During the time it would take to complete this procedure, the information that the engineer had gathered would have become out of date and, as a result, the report would retain little value. Moreover, if the data shows any sign of failure or deterioration of power generation, it would be almost impossible to pinpoint the cause of the problem, as the engineer wouldn't have access to any real-time or corresponding data.

Connecting the islands of automation

The first step to combat these challenges is to deploy intelligent SCADA software. Using IoT (Internet of Things) led architecture, our intrepid substation engineer could automatically collect data and archive it in the cloud. By storing all substation data in a centralised network, engineers can analyse real-time and historical data of any substation in the network, regardless of their individual location.

Collecting process data is a positive step forward for the energy sector and its use of IoT, but if this huge expanse of data is left to gather dust, the information will be rendered useless. When choosing SCADA software, it is important to look for an application that can also deliver business intelligence through its data, using automated analysis.

According to a recent statement by Gartner, the adoption of big data analytics technology is one of the key trends in the energy sector, especially for organisations hoping to reduce costs and enhance their competitive advantage.

Some SCADA applications, will deliver this through predictive analytics. Combining real-time and historical reports of energy transmission, with the datasets of other substations in the network, the software will generate a comprehensive overview of each substations performance and in turn, the predicted lifespan of its capital equipment.

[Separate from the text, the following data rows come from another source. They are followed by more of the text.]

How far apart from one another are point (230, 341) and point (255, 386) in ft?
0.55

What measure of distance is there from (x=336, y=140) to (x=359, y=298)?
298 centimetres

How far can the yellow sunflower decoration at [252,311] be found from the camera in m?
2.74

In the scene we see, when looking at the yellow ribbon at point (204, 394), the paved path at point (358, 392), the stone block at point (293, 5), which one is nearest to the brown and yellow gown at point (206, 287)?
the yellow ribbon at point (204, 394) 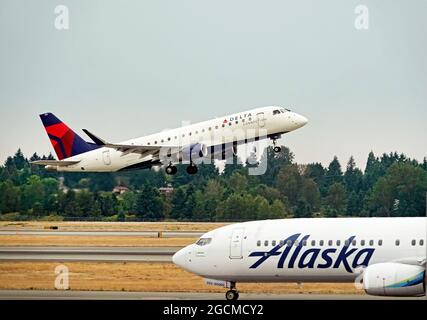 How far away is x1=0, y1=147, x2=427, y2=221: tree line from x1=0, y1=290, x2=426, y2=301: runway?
34077mm

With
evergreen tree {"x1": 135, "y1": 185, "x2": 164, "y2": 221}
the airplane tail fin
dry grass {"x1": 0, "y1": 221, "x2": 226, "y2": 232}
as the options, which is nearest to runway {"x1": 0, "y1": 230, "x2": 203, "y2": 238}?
dry grass {"x1": 0, "y1": 221, "x2": 226, "y2": 232}

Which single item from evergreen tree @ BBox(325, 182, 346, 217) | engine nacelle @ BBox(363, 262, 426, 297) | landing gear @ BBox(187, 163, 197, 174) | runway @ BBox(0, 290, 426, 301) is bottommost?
runway @ BBox(0, 290, 426, 301)

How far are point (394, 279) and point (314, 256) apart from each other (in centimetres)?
417

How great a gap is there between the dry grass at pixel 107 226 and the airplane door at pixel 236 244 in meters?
49.0

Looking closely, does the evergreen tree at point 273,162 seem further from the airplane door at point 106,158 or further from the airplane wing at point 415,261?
the airplane wing at point 415,261

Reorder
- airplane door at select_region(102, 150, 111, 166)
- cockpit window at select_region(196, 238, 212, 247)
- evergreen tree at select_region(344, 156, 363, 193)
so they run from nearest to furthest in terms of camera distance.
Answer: cockpit window at select_region(196, 238, 212, 247) < airplane door at select_region(102, 150, 111, 166) < evergreen tree at select_region(344, 156, 363, 193)

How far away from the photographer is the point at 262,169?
147 meters

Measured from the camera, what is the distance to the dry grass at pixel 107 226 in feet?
350

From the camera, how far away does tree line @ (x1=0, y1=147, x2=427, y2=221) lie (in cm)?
10262

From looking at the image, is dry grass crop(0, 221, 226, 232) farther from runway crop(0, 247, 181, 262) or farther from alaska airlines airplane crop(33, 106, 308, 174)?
runway crop(0, 247, 181, 262)

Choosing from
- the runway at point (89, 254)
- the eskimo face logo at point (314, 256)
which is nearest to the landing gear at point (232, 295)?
the eskimo face logo at point (314, 256)

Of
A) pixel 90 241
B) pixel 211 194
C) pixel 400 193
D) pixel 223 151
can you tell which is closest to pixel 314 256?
pixel 223 151
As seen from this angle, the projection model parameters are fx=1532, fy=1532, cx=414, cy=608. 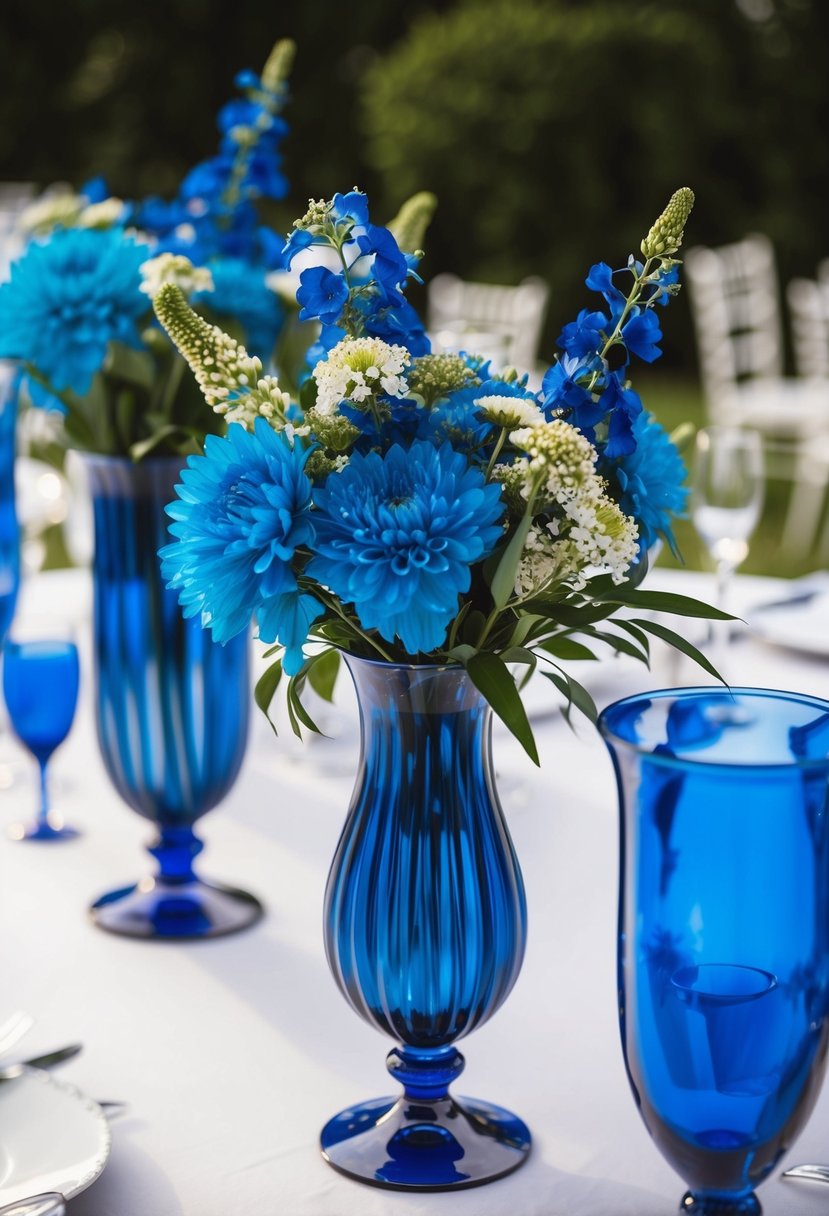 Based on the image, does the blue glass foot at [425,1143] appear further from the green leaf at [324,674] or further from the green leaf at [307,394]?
the green leaf at [307,394]

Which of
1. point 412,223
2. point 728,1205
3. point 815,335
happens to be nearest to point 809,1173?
point 728,1205

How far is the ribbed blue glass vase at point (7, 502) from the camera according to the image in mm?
1339

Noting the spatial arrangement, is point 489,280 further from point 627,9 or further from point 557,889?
point 557,889

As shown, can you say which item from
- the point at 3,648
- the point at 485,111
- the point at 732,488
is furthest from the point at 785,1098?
the point at 485,111

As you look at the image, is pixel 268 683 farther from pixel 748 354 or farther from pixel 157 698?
pixel 748 354

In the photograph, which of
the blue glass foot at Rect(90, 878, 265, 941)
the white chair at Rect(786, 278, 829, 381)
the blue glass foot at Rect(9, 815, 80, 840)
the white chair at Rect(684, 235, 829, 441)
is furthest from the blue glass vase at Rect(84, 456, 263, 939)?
the white chair at Rect(786, 278, 829, 381)

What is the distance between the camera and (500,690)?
765 millimetres

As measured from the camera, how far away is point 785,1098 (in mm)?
676

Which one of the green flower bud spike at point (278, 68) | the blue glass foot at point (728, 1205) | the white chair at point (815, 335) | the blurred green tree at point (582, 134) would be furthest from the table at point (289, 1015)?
the blurred green tree at point (582, 134)

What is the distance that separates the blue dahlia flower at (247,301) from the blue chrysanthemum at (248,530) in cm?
52

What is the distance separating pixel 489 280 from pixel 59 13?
392 centimetres

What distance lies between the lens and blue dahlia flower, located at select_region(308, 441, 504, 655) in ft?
2.37

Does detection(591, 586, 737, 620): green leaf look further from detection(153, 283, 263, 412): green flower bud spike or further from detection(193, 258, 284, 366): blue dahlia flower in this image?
detection(193, 258, 284, 366): blue dahlia flower

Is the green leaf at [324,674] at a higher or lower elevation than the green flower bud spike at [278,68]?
lower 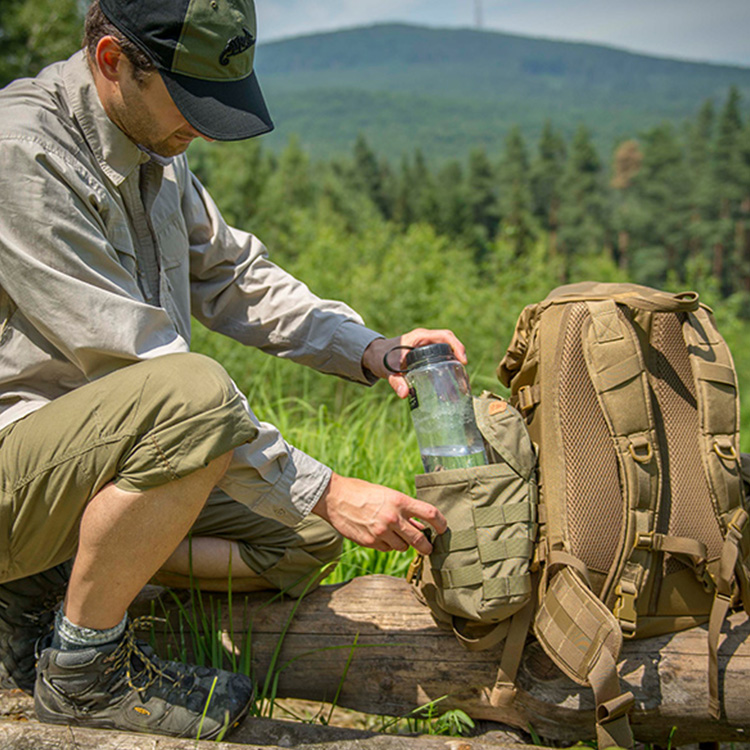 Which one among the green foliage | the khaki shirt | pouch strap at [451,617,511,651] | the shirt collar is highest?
the green foliage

Risks of ignoring ageing infrastructure

Britain’s outdated energy infrastructure is quickly becoming a major challenge for the sector. The ageing substations used for power distribution could easily cancel out the industry’s ability to provide a reliable and cost-effective provision for its users.

Other developed industrial nations, including the United States, have already suffered from power shortages due to the vulnerability of infrastructure. In the case of the US, this cost the country's economy billions. Considering the serious financial implications in the United Kingdom, it is essential that the industry future-proofs its infrastructure, instead of overlooking the rising risks.

SCADA systems have already established their role as the reigning king of monitoring and control in industrial facilities. For Britain’s widely dispersed energy infrastructure, a greater uptake of IoT technologies and SCADA software would not only improve operational control of substations, but extend their lifespan too.

Martyn Williams, managing director of COPA-DATA UK.